Think about a rabbit in the wild. Rabbits are prey animals rather than predators unlike indoor pets and are hunted by creatures like wolves and hawks. The predators catch the rabbit by picking them up! So, when you reach down to pick up your rabbit and lift it up in the air, the first thing that comes to its mind is, "Oh no! I'm gonna be somebody's dinner!"
Since we don't want to frighten our bunny pals like that, it's best that you let it come to you if it wants loving and attention. Your rabbit will lay down next to you, jump up on the couch next to you, or nudge your leg when it wants affection. This is how a rabbit is comfortable showing that it likes and trusts you.

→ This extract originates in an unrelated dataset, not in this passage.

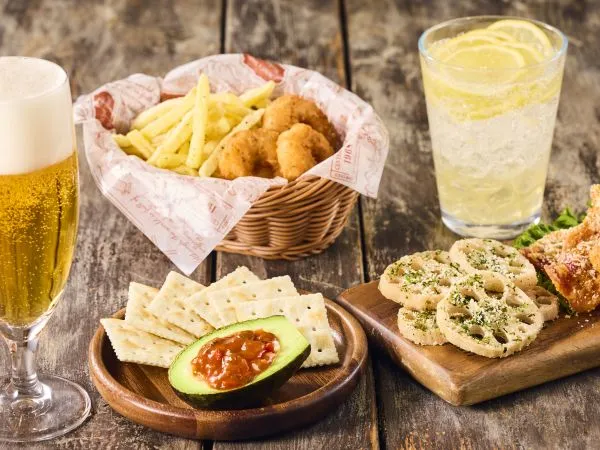 16時からの“夜のサードプレイス”が進化 「フレバル」リニューアル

Another behavior whose understanding is vital is the affinity for chewing. Like their rodent cousins, rabbits have incisors that are constantly growing. If they don't chew and wear down these teeth, they will overgrow and the rabbit will starve to death.
If you don't supply items for your rabbit to chew on, it will chew on whatever is available to it. If that means chewing on your desk, your chair, or your sofa, then it will.
The best way to keep it from chewing furniture and other household items is to supply wooden or cardboard chew toys for it to play with. This is not only very entertaining for your rabbit, but it's essential to its health.
One of the most adorable bunny behavior is the binky. Binkies are little hops your rabbit will do when it's feeling happy or playful. Not only is it beyond cute to behold, but it shows that your rabbit is happy and comfortable. The more binkies, the better!
Rabbits each have their own personalities, and in turn, their own unique behavior as well. As you get to know your pet rabbit, you'll be able to tell when they're happy, unhappy, angry, sleepy, and a number of other emotional states.
Rabbits are more subtle in showing these things than dogs, but that doesn't mean that it's impossible for them to feel. They are very expressive creatures who will give you lots of love and affection if you are patient and willing to learn to appreciate the bunny's perspective.